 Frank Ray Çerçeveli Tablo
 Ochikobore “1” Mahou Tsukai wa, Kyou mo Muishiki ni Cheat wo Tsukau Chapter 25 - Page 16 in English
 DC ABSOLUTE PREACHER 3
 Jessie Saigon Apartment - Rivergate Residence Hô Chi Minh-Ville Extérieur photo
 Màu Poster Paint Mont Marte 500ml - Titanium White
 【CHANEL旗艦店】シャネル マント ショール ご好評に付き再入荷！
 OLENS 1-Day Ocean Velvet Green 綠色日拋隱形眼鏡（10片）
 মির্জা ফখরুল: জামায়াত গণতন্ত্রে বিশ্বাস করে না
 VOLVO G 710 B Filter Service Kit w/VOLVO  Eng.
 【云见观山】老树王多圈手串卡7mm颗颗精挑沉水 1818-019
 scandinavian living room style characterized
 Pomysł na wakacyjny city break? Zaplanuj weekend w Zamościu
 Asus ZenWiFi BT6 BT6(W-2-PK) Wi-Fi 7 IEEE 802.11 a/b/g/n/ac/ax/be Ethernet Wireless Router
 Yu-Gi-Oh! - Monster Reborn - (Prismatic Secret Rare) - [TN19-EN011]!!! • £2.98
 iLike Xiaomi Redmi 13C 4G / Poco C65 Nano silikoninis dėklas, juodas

◇ ◇ ◇

What to do — Copy each line above exactly as it stands.

Exercise solution —
 Frank Ray Çerçeveli Tablo
 Ochikobore “1” Mahou Tsukai wa, Kyou mo Muishiki ni Cheat wo Tsukau Chapter 25 - Page 16 in English
 DC ABSOLUTE PREACHER 3
 Jessie Saigon Apartment - Rivergate Residence Hô Chi Minh-Ville Extérieur photo
 Màu Poster Paint Mont Marte 500ml - Titanium White
 【CHANEL旗艦店】シャネル マント ショール ご好評に付き再入荷！
 OLENS 1-Day Ocean Velvet Green 綠色日拋隱形眼鏡（10片）
 মির্জা ফখরুল: জামায়াত গণতন্ত্রে বিশ্বাস করে না
 VOLVO G 710 B Filter Service Kit w/VOLVO  Eng.
 【云见观山】老树王多圈手串卡7mm颗颗精挑沉水 1818-019
 scandinavian living room style characterized
 Pomysł na wakacyjny city break? Zaplanuj weekend w Zamościu
 Asus ZenWiFi BT6 BT6(W-2-PK) Wi-Fi 7 IEEE 802.11 a/b/g/n/ac/ax/be Ethernet Wireless Router
 Yu-Gi-Oh! - Monster Reborn - (Prismatic Secret Rare) - [TN19-EN011]!!! • £2.98
 iLike Xiaomi Redmi 13C 4G / Poco C65 Nano silikoninis dėklas, juodas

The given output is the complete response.